Python Regular Expression¶
Basics¶
Python's regular expression is based on extended Regular Expression
The basic usage:
import re
pattern = r"abc(\w)efg"
in_string = r"abcdefg"
m = re.search(pattern, in_string)
if (m):
print(m.group(0)) # prints "abcdefg"
print(m.group(1)) # prints "d"
Greedy vs non-greedy¶
+
, *
, ?
, and {m,n}
are greedy in the sense that it tries to match as much text as possible.
+?
, *?
, ??
, and {m,n}?
are non-greedy in the sense that it tries to match as little text as possible.
Example 1:
import re
s1 = 'aaa'
p11 = r'(a?)a*'
p12 = r'(a??)a*'
# m11.group(1) = 'a'
# RE tries to be greedy with 'a?' and found a match
m11 = re.search(p11, s1)
# m12.group(1) = ''
# RE tries to be non-greedy with 'a??' and found a match
m12 = re.search(p12, s1)
s2 = 'abb'
p21 = r'(a?)b*'
p22 = r'(a??)b*'
p23 = r'(a??)b+'
# m21.group(1) = 'a'
# RE tries to be greedy with 'a?' and found a match
m21 = re.search(p21, s2)
# m22.group(1) = ''
# RE tries to be non-greedy with 'a??' and found a match:
# it can match 0 'a' and 0 'b'
m22 = re.search(p22, s2)
# m23.group(1) = 'a'
# RE tries to be non-greedy with 'a??' but found no match.

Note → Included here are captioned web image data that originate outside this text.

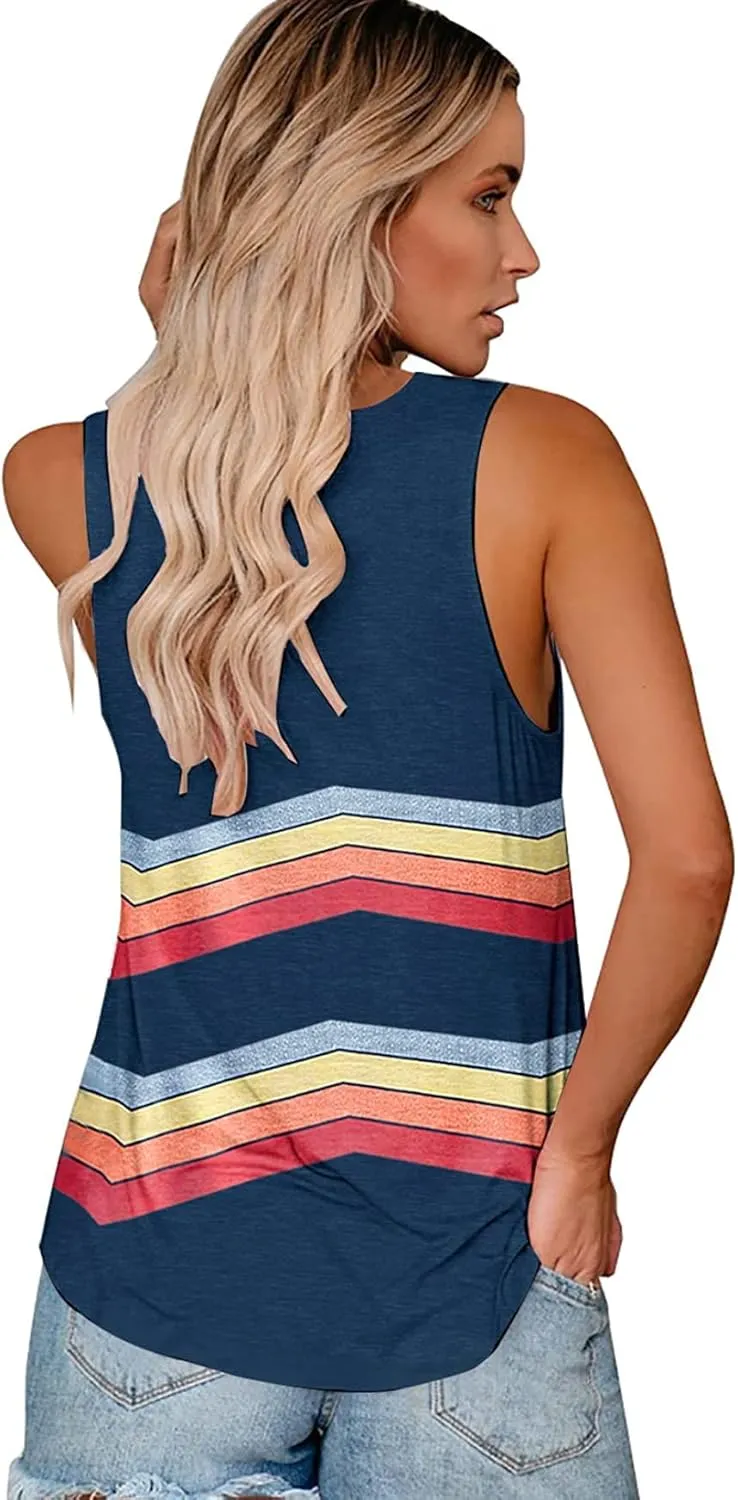 ETCYY Women's Sleeveless V Neck Tank Tops Summer Trendy 2025 Causal Cute Printed Loose Fit Workout Athletic Yoga Shirts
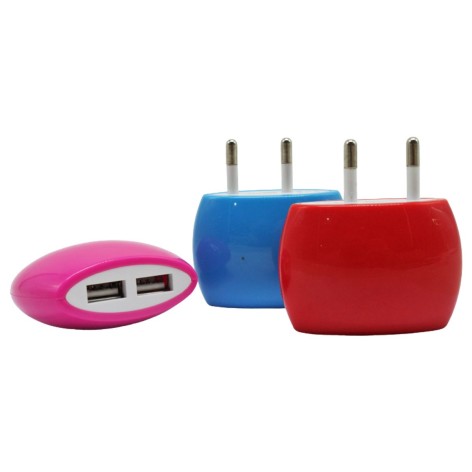 Заряджання сетевик на два виходи usb кольоровий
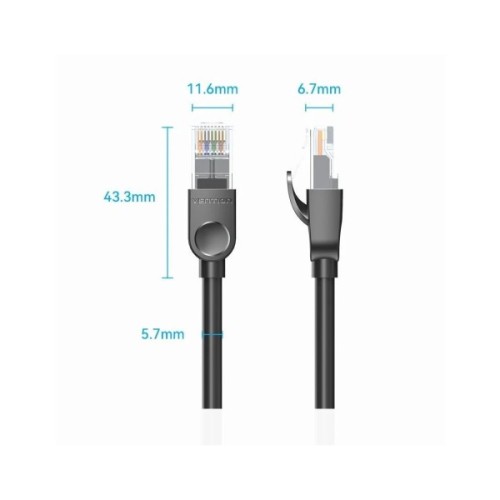 Патч-корд 3м, UTP cat 6 RJ-45 black Vention (IBNBI)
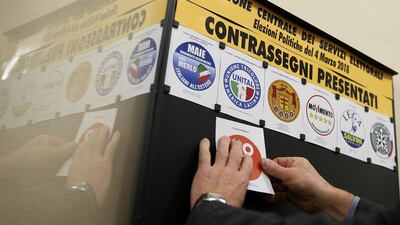 A man posts symbols of parties that will run in the country's March 4 election at the Ministry of the Interior Palace in Rome, Italy. REUTERS/Tony Gentile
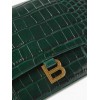 BALENCIAGA GREEN HOURGLASS CROC-EMBOSSED LEATHER POUCH  BALENCIAGA  MATCHESFASHION US (27*16cm)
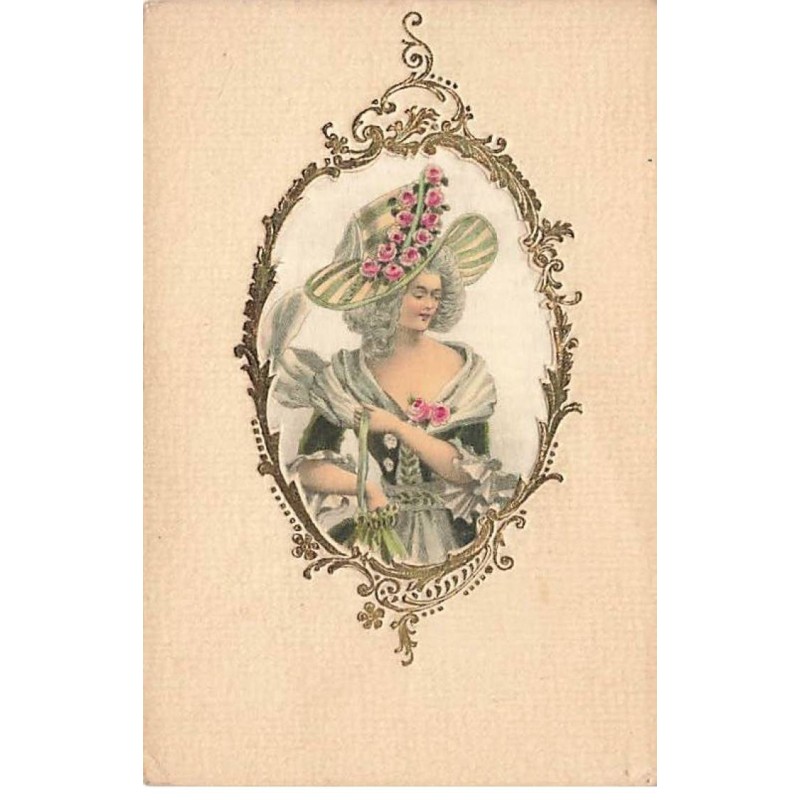 n°25001 - Carte tissée soie - Femme avec chapeau dans un Médaillon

# Then it tries to consume 1 'a' and found a match
m23 = re.search(p23, s2)
Example 2:
my_string = '<body>Something something</body>'
pattern1 = r'<.+>'
pattern2 = r'<.+?>'
# m1.group(1) = '<body>Something something</body>'
m1 = re.search(pattern1, my_string)
# m2.group(1) = '<body>'
m2 = re.search(pattern2, my_string)
Lookahead and lookbehind assertions¶
(?=...)
: Match abc
if it is followed by def
(lookahead assertion)
pattern = r"abc(?=def)"
in1 = "abcdef"
in2 = "abcxyz"
m1 = re.search(pattern, in1)
if(m1):
# m1.group(0) is 'abc'. The lookahead pattern (def) is not consumed.
print(m1.group(0))
m2 = re.search(pattern, in2)
if(m2):
# no match for in2
print(m2.group(0))
(?!...)
: Match abc
if it is NOT followed by def
(negative lookahead assertion)
pattern = r"abc(?!def)
(?<=...)
: Match def
if it is preceded by abc
(lookbehind assertion)
pattern = r"(?<=abc)def"
(?<!...)
: Match def
if it is NOT preceded by abc
(negative lookbehind assertion)
pattern = r"(?<!abc)def"
Named groups¶
(?P<XYZ>)
: Define a named group whose name is XYZ
.
(?P=XYZ)
: Backreference to the named group XYZ
in the same pattern
pattern = r'(?P<SomeWord>\w+) \w+ (?P=SomeWord)'
sentence = 'day by day'
m = re.search(pattern, sentence)
if (m):
some_word = m.group('SomeWord')
Non-capturing groups¶
(?:...)
: Define a non-capturing group.